Modern banks are supposed to have inspections and risk exams to catch this kind of fraud.
Now it has emerged that Wells Fargo’s internal inspections of local bank branches come with a friendly 24-hour heads up to managers and employees.
That tip-off, first reported by The Wall Street Journal, likely gave employees time to hide evidence that would have alerted internal investigators to the opening of fake accounts.
For instance, more than a dozen Wells Fargo employees told the Journal they witnessed documents being forged and papers getting shredded to cover up this activity.
Regulators have said that as many as 2 million bank and credit card accounts were opened by Wells Fargo without authorization, at times by using phony email addresses and PIN numbers.
Wells Fargo confirmed to CNNMoney on Wednesday the existence of a 24-hour advance notice, explaining it’s given “so the branch can ensure it is staffed to assist with the review and maintain customer experience.”
Wells Fargo has now decided to eliminate the 24-hour warning about inspections.
But even that shift is coming with a time lag.

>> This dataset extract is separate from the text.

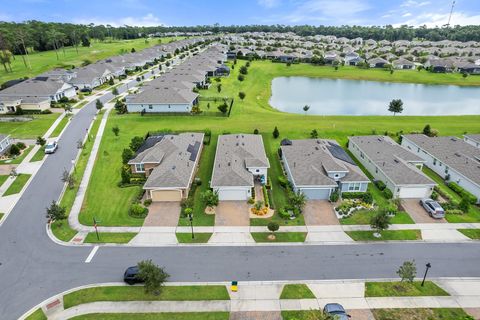 A home in DELAND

Wells Fargo said it won’t be fully implemented until the end of March.
A spokeswoman declined to say whether the move was triggered by media attention.
Wells Fargo noted that much of its documentation has become electronic, including electronically-captured signatures. The bank said that for years it has reviewed digital copies of new account forms and signature cards in advance of branch visits and without prior notice.
For the in-branch reviews, Wells Fargo said only internal branch logs that are not currently captured electronically are looked at. That includes logs for cash shipment and notary activity.
The fake account scandal has thrust Wells Fargo into turmoil since it broke in September. The $185 million in fines were nothing in comparison with two Congressional hearings, where the bank’s CEO was raked through the coals.
It also led to multiple investigations from state and federal agencies, which are still ongoing. Longtime CEO John Stumpf abruptly retired after his Congressional hearings and the bank’s once-vaunted reputation has been tarnished.
Wells Fargo has responded by ending the wildly unrealistic sales goals that employees said led to the illegal activity.
The bank’s new compensation structure, rolled out earlier this month, puts more emphasis on customer service and features stronger oversight “to monitor behavior,” including at the local level.
For instance, Wells Fargo has launched a mystery shopper program at branches that by definition doesn’t give employees any advance notice.
“People in the branch don’t even know that any review is going on,” the Wells Fargo spokeswoman said.
Wells Fargo aims to conduct about 4,000 mystery shops per quarter this year.
During the scandal, Wells Fargo also started conducting conduct risk exams at branches. Wells Fargo said these reviews are unannounced and the branches are selected for exams based on risk indicators.